A recent eye-catching Washington Post op-ed, reacting to the surges of Trump and Sanders, posed the historically-based question “Are we headed for a four-party moment?” This op-ed had potential — it’s true after all that the seemingly solid two-party system in the U.S. occasionally has fragmented for a few cycles while a major re-alignment occurs — but, for some reason, it only used the 1850s and 1948 as examples (and 1948 isn’t even very illustrative in my view).
A far more intriguing additional parallel would be the 1820s (and the 1830s aftershocks). In 1820, one-party rule under the Democratic-Republican Party was fully achieved on the executive side of government, and no one opposed President Monroe for either re-nomination or re-election. It was the party’s 6th consecutive presidential win. The Federalists remained alive only in Congress, where 32 representatives (just 17% of the House membership) remained. By 1823, there were only 24 Federalists in the House. By the fall of 1824, they had all picked a Democratic-Republican faction to support.
That year’s factionalism, however, was when things fell apart for single-party rule, alarmingly rapidly. The Democratic-Republican Party ran four (4!) different nominees and 3 running mates (Calhoun hopped on two tickets). Andrew Jackson won the popular vote and the most electoral votes, but no one won a majority of the electoral college.
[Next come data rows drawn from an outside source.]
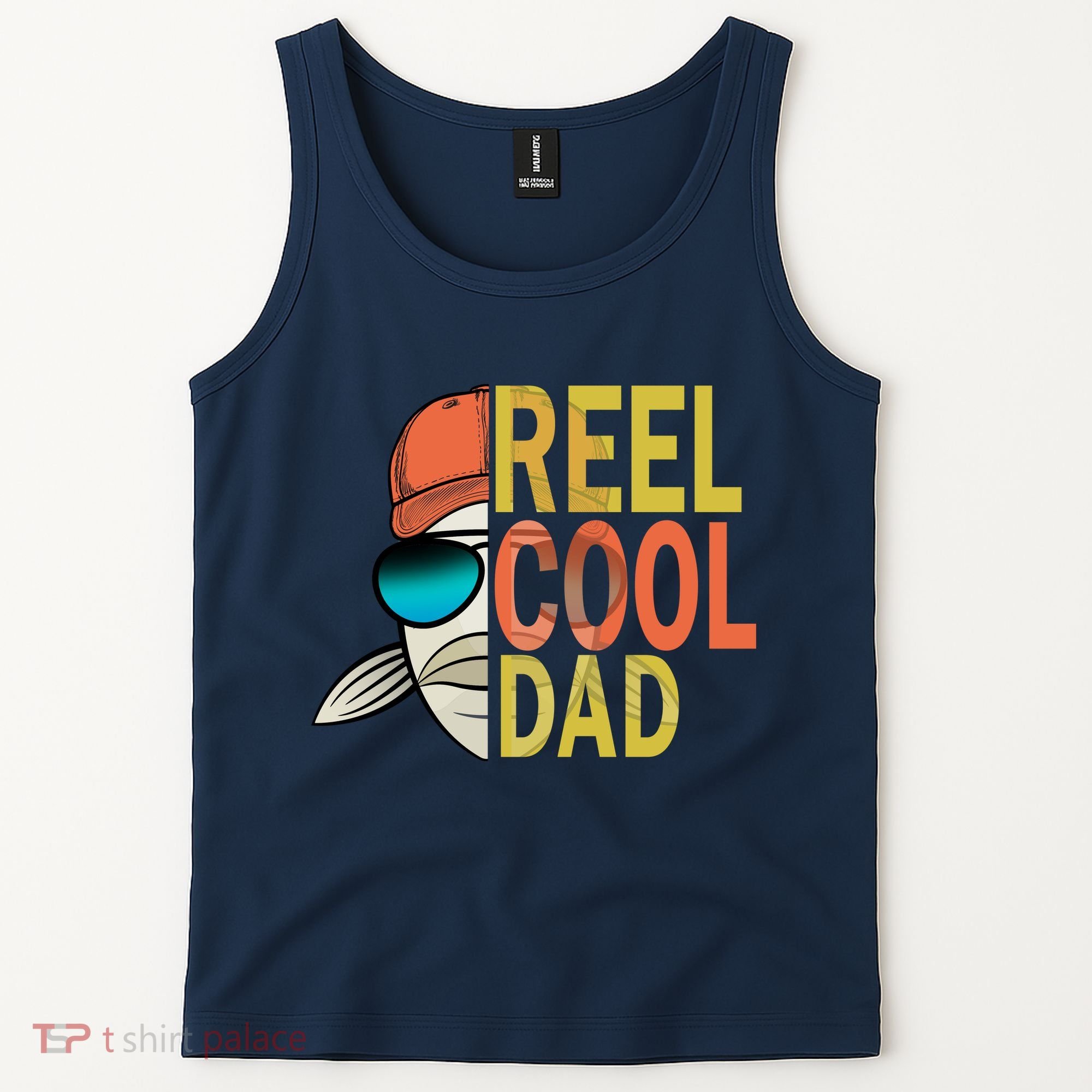 Reel Cool Fishing Dad Funny Tank Top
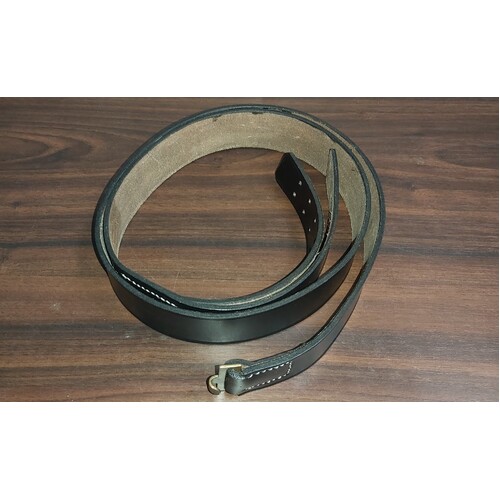 WW2 GERMAN BLACK EQUIPMENT BELTS DELUXE QUALITY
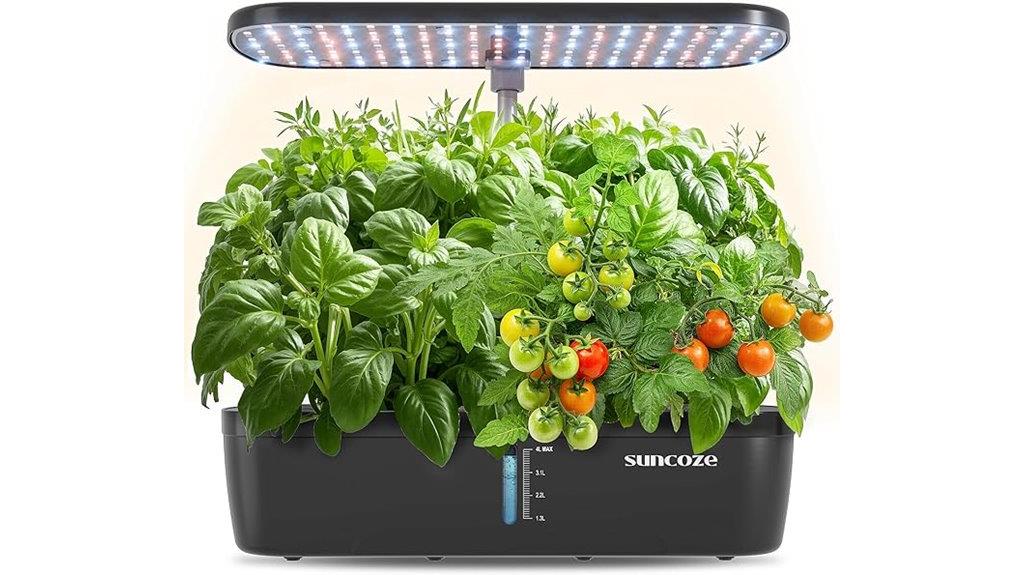 hydroponic kit with pods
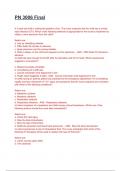 PN 3006 Final Exam 2024&sol;2025 Questions With Completed & Verified Solutions&period;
So, the U.S. House (voting in state-blocs under the Constitution) had to pick, and they chose Secretary of State John Quincy Adams, the second-place finisher.
1824 presidential election results map. Blue denotes states won by Jackson, Orange denotes those won by Adams, Green denotes those won by Crawford, Light Yellow denotes those won by Clay. Numbers indicate the number of electoral votes allotted to each state. (Map via Wikipedia)
In 1828, when Jackson set out to avenge his 1824 defeat-by-technicality, a huge number of new (but still White and male) voters were permitted to vote for the first time. Contrary to the popular mythology, not every new voter was a Jackson Democrat, though many were. To give a sense of scale for the phenomenon, both Jackson and Adams had gained hundreds of thousands of votes over the 1824 results in their 1828 rematch. At the time, that was so huge that the increases to each in 1828 were actually larger than the entire 1824 turnout had been.
In part as a result of all of this turmoil in the electorate, the party split permanently that year, creating the Democratic Party (which continues to present), under challenger Jackson, and the rival “Adams Men” trying to keep President Adams in office that year. The Democrats under Jackson won easily in 1828. A third party, the Anti-Masons, entered the U.S. House with 5 representatives.
The defeated Adams Men faction, having lost their titular leader, became the Anti-Jacksons — and were officially named National Republicans in 1830. That year, in the midterms, the Anti-Masons picked up more seats, to hold 17, while a 4th party (under Calhoun) of “Nullifiers” sent 4 representatives. But Jackson’s Democrats held a clear House majority.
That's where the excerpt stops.